→ **What you will do**: Print the lines exactly. Start at the first line of the material below, end with the line that contains "Apartamento · 66m²", and skip all pictures.

→ **Available records**:
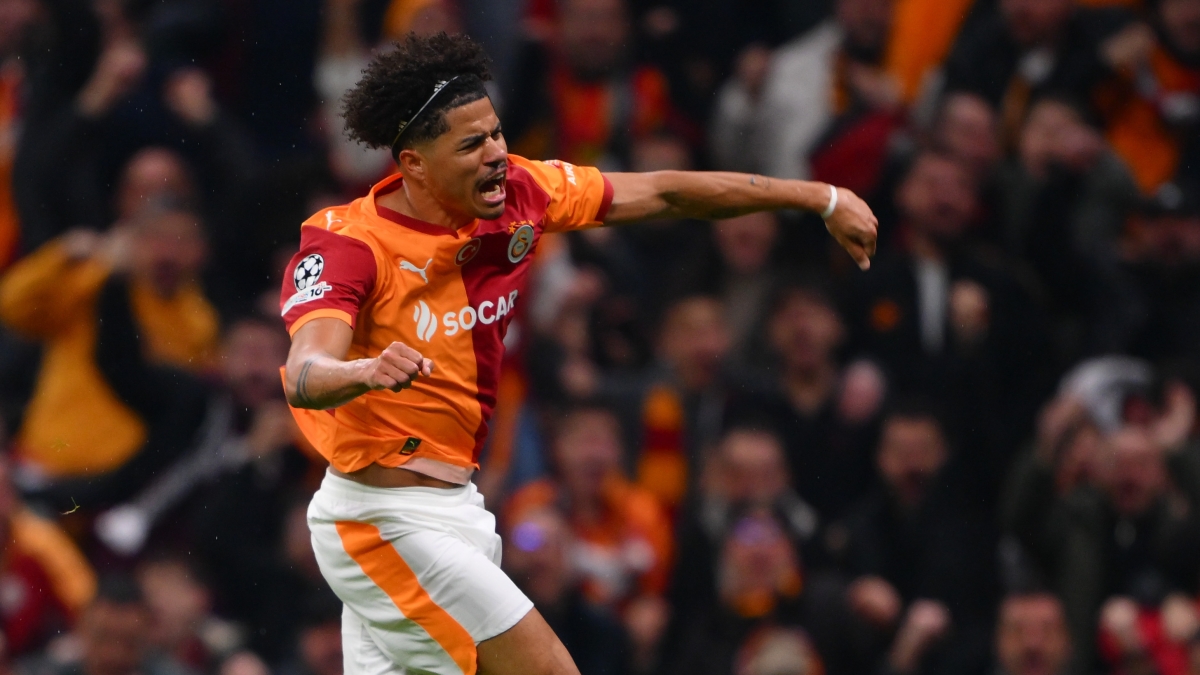 Carlo Ancelotti'den Gabriel Sara'ya takip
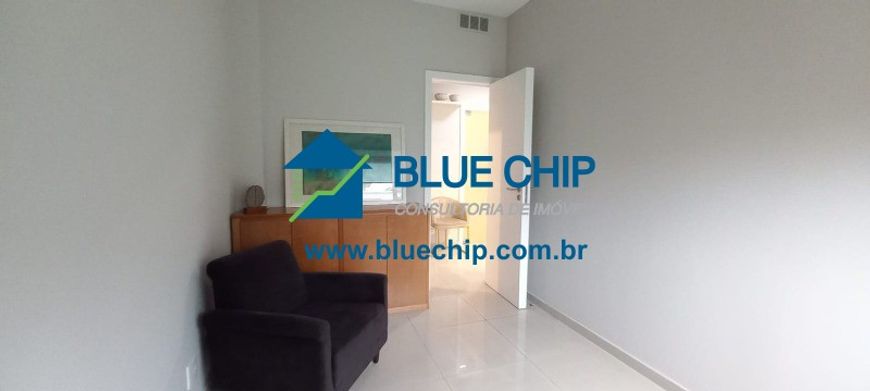 Sala à Venda no Condomínio The Best - Barra da Tijuca, com 28m² por R$270.000,00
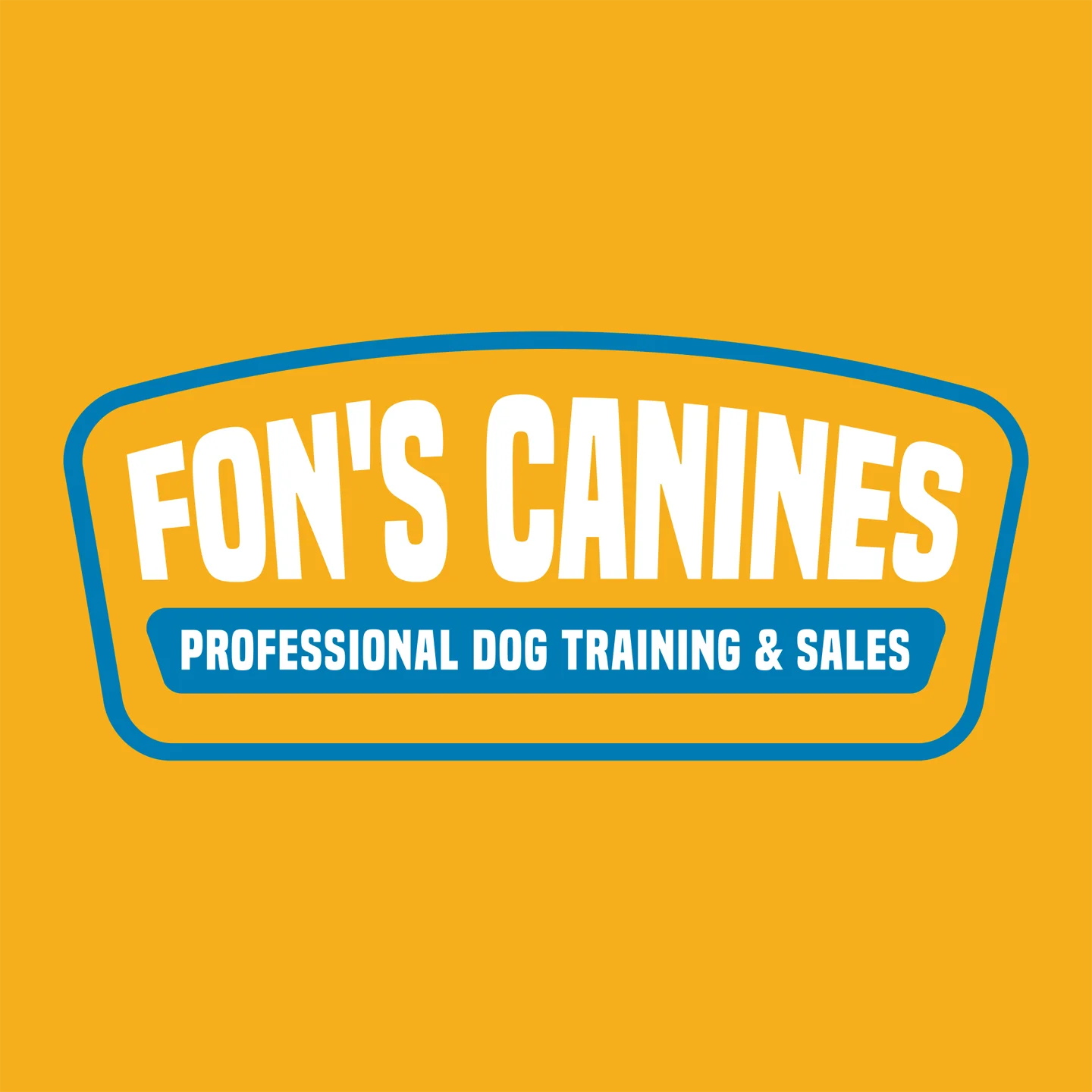 Trained Dogs For Sale - Fon's Canines
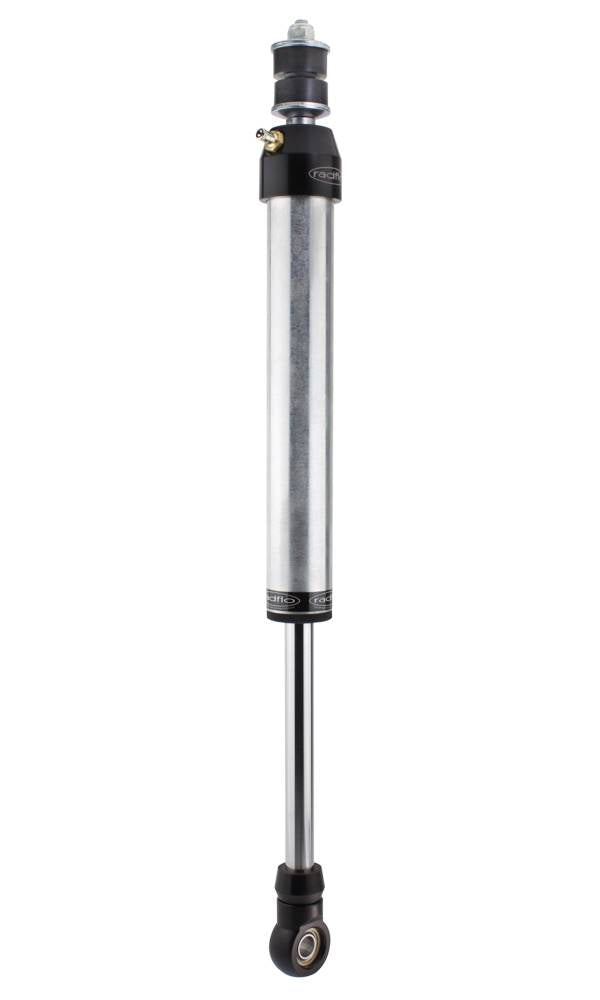 96-04 Tacoma Rear Shocks - Premium Suspension by Xtreme Canopies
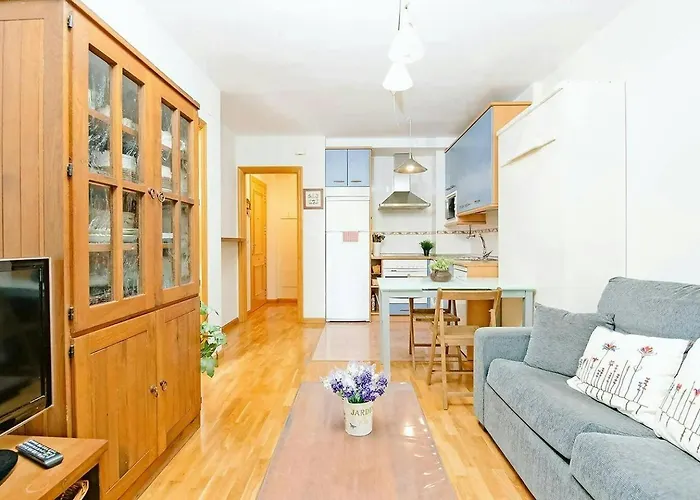 Appartement Casa Begona By Cardi *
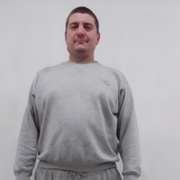 Александр Федорович, 35, Когалым (Тюменская обл.)
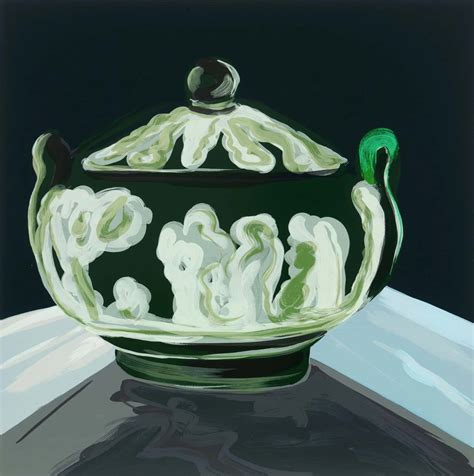 Clare Woods - Three New Screenprints - New Art Editions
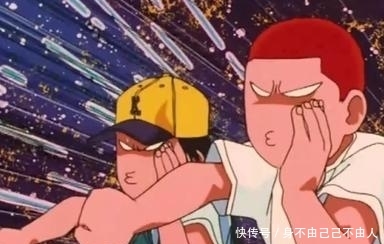 灌篮高手手游鱼住和赤木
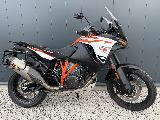 KTM 1290 SUPER ADVENTURE R 2018 2018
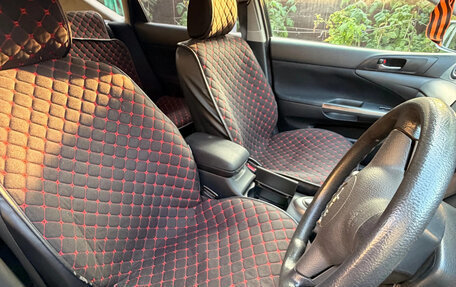 Toyota Caldina, 2005 год, 850 000 рублей, 7 фотография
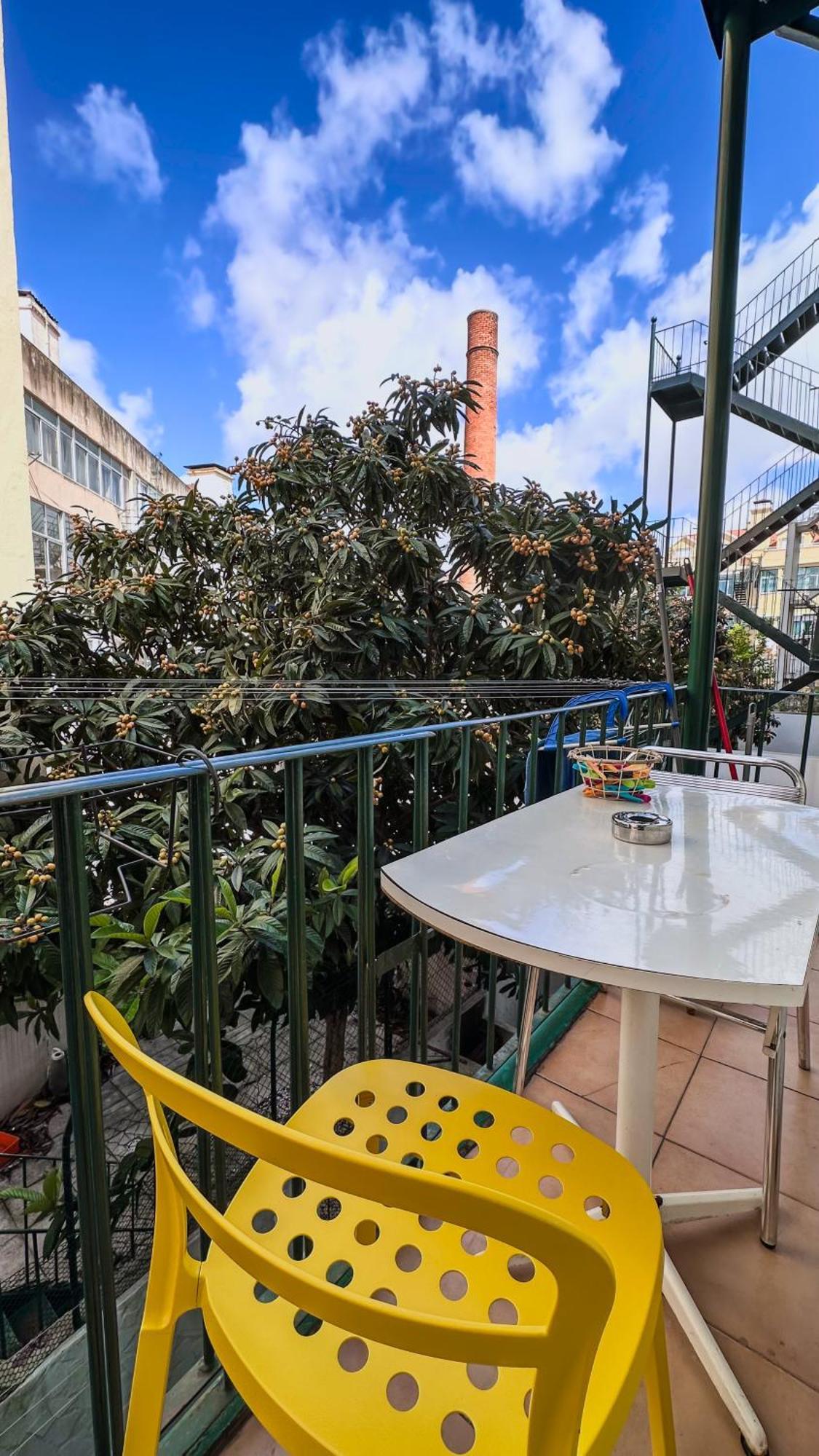 Anjos Signature Decoration Big House In Downtown Lisboa Ngoại thất bức ảnh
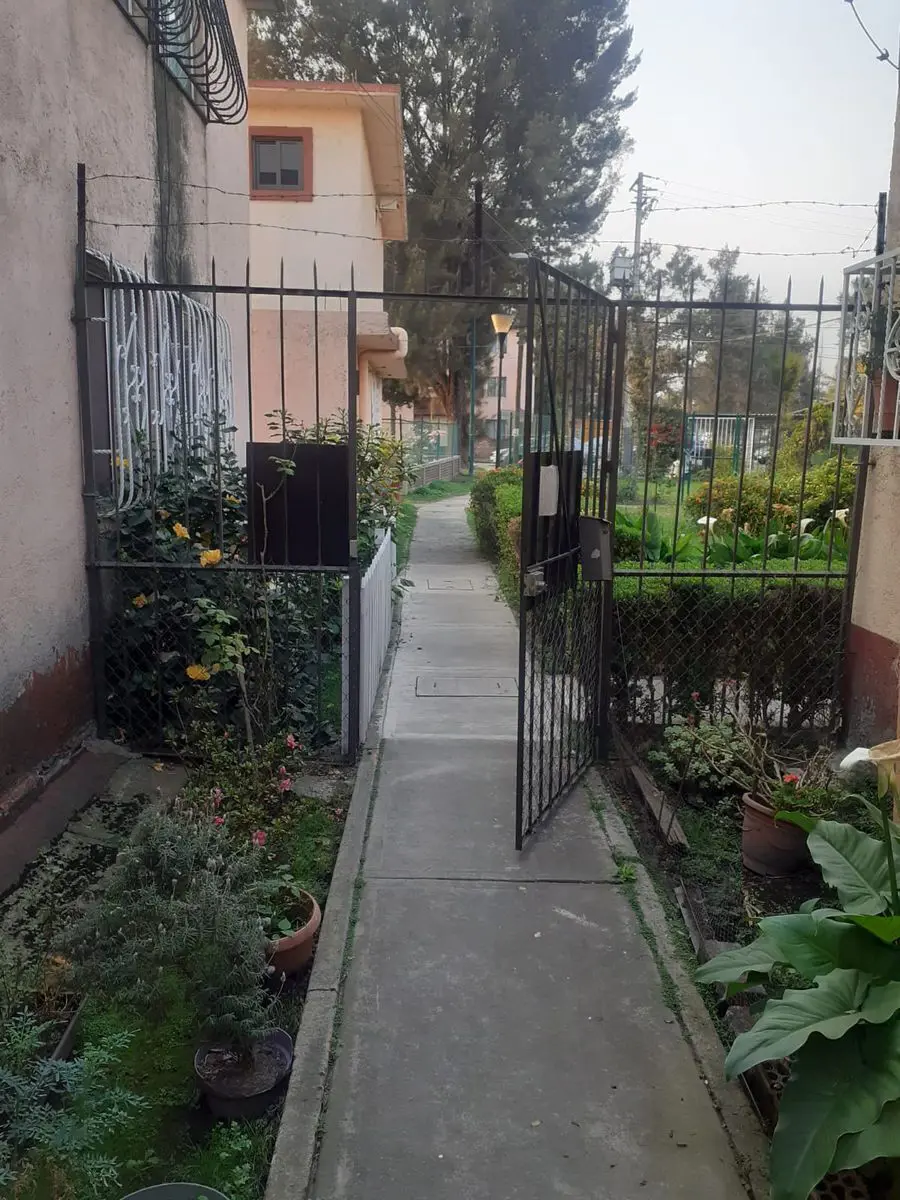 Departamento en venta en Villa Centro Americana, Tláhuac — foto 1 de 2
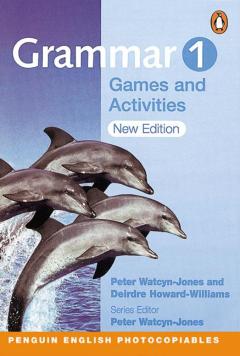Grammar : games and activities. 1 /
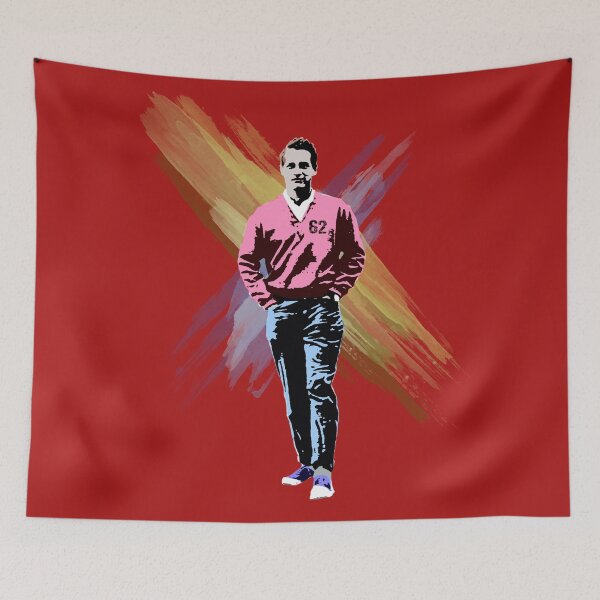 Item preview, 1962 Sixties Iconic Hollywood Movie Star Heart-throb designed and sold by KALEIDOSCOPE UK.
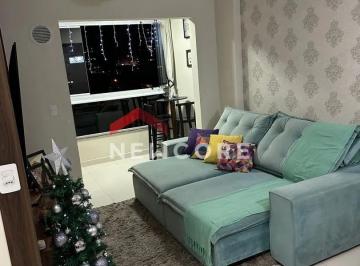 Apartamento · 66m² · 2 Quartos · 1 Vaga · Apartamento em  Rua 430 A - Morretes - Itapema/SC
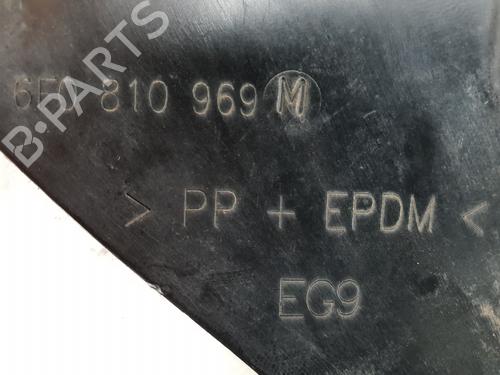 Wheel arch SEAT IBIZA V (KJ1, KJG) 1.0 MPi | BP20198087C56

→ **Reply**:
 Carlo Ancelotti'den Gabriel Sara'ya takip
 Sala à Venda no Condomínio The Best - Barra da Tijuca, com 28m² por R$270.000,00
 Trained Dogs For Sale - Fon's Canines
 96-04 Tacoma Rear Shocks - Premium Suspension by Xtreme Canopies
 Appartement Casa Begona By Cardi *
 Александр Федорович, 35, Когалым (Тюменская обл.)
 Clare Woods - Three New Screenprints - New Art Editions
 灌篮高手手游鱼住和赤木
 KTM 1290 SUPER ADVENTURE R 2018 2018
 Toyota Caldina, 2005 год, 850 000 рублей, 7 фотография
 Anjos Signature Decoration Big House In Downtown Lisboa Ngoại thất bức ảnh
 Departamento en venta en Villa Centro Americana, Tláhuac — foto 1 de 2
Grammar : games and activities. 1 /
 Item preview, 1962 Sixties Iconic Hollywood Movie Star Heart-throb designed and sold by KALEIDOSCOPE UK.
 Apartamento · 66m² · 2 Quartos · 1 Vaga · Apartamento em  Rua 430 A - Morretes - Itapema/SC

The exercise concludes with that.